My laptop of five years, the 2007 13 incher macbook has taken a hit. Fixing it is costly enough to warrant buying a new machine instead. So I decided to go shopping.

No Apple machines this time though. It made sense to cough up a grand when the competition cost only $200 less, and owning a macbook felt quite elite for a grad student. Not anymore. Laptop prices for the entry level ones have come down to less than half of what they were just 3-4 years ago. And what the OEMs call entry level, are by no standards entry level either, they just want you to buy a fancy spec-ed configuration, which you probably don't need.

I started with some market 'survey' so to say, sometimes I think I like doing that more than actually getting the thing I want! Talk about the journey being more interesting than the destination.

Some observations.

- The traditionally good players seem to be losing ground in the market. Dell/HP/Lenovo/Toshiba designs look dated compared to ones from Acer/Asus/Samsung.

- There are way too many CPUs from Intel and AMD available over a wide range of laptops, from  entry level to mid to the ultrabooks/performance machines. The problem with that is it is difficult to understand - for most buyers, even the 'serious' ones, which CPUs are better at what when compared. There's Intel's Pentium B9xx series, i3, i5, i7 and newer architecture Celerons; and AMD's C series, E series, A4, A6, A8 and some Athlon's still hanging around. It's a crowded market with not so obvious boundaries. So do your homework.

- Most entry level laptops are more than good enough for almost everyone, keeping gamers aside. Offcourse not including netbooks, which ship with the underwhelming Intel Atom, skip that.

- AMD's APU processors totally rock the graphics scene on laptops.

- Some in store models are absolutely not available online. Read that again. 

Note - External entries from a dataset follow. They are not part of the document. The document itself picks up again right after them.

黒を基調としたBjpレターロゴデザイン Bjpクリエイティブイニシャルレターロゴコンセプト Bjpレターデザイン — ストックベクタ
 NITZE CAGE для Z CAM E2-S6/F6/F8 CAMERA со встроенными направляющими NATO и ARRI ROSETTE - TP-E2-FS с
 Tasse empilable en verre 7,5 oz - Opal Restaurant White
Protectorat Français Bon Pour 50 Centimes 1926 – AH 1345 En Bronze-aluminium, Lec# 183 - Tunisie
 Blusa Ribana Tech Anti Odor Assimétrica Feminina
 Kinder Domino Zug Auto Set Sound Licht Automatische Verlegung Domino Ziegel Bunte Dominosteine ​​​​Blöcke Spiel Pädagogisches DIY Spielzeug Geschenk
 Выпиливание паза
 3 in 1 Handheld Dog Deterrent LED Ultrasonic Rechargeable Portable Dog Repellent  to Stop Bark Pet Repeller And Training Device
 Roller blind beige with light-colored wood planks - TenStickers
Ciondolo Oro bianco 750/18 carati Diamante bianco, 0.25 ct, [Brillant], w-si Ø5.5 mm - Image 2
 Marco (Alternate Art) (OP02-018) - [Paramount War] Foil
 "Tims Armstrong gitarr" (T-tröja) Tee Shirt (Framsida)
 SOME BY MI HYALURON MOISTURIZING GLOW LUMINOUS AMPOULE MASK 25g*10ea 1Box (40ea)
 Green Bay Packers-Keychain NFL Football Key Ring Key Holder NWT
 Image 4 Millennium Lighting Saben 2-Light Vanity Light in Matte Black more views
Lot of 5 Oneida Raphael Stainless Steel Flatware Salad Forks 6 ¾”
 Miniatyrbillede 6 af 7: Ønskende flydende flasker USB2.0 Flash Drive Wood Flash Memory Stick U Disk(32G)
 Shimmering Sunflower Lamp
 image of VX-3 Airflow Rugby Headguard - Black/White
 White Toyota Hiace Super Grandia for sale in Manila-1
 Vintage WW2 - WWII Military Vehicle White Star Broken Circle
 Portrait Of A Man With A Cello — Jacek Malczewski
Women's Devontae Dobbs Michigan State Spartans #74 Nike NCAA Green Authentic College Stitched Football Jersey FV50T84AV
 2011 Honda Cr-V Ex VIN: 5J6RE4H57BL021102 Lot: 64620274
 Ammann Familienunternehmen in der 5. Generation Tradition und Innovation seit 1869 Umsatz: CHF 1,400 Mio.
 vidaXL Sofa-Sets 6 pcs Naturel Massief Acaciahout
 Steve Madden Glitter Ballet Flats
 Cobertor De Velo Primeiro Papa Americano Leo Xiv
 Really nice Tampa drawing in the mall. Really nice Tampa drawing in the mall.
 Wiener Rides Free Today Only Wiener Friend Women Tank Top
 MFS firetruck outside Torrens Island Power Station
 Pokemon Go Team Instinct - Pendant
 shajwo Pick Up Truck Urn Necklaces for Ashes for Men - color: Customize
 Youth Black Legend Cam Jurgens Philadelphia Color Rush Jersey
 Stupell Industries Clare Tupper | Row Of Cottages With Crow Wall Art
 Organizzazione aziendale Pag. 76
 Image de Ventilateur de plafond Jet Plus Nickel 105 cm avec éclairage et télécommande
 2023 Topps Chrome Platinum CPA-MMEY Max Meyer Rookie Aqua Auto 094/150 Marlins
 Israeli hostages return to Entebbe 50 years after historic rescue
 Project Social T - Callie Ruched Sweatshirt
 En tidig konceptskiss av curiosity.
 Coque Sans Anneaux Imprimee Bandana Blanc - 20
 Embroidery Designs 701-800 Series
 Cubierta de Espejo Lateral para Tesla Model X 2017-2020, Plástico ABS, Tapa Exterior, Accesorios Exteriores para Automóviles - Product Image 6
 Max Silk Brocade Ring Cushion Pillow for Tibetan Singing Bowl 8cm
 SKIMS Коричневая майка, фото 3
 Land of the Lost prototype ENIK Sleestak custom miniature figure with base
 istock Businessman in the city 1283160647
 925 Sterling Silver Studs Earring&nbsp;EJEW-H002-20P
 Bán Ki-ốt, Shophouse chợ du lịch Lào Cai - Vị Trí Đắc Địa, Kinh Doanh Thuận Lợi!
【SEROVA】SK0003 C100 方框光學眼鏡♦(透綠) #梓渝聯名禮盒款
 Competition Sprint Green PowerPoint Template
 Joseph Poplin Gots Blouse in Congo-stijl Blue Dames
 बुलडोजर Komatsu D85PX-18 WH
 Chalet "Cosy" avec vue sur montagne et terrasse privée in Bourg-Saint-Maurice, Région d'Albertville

With all this in mind I was hunting for a reasonably priced machine. And just like that I stumbled across a machine just unveiled at Computex 2012, and it was sitting on a BestBuy shelf, exclusively, not available anywhere else, including Newegg and Amazon. 

It was love at first sight :D

The Asus X401a. It's slim, almost like an ultrabook. Weighs less than many ultrabooks. Plays 1080p on my TV without missing a pixel, while running cool. Runs Gimp like a champ.

Specs - Asus X401a, 14 in, Pentium B970(dual core), 4G RAM, 320GB HDD, USB 3.0, HDMI, 4lbs, $350

And you can buy three of these in the cost of a macbook air, and still save money for a Nexus tablet.

Like some other early reviewer said, this machine is a category in itself. And I'm impressed with the build quality and design by Asus, at this price. It even comes with a collapsible ethernet port to keep the design slim. Lenovo and Apple should learn from this. I'm sure Asus will sell a ton of these.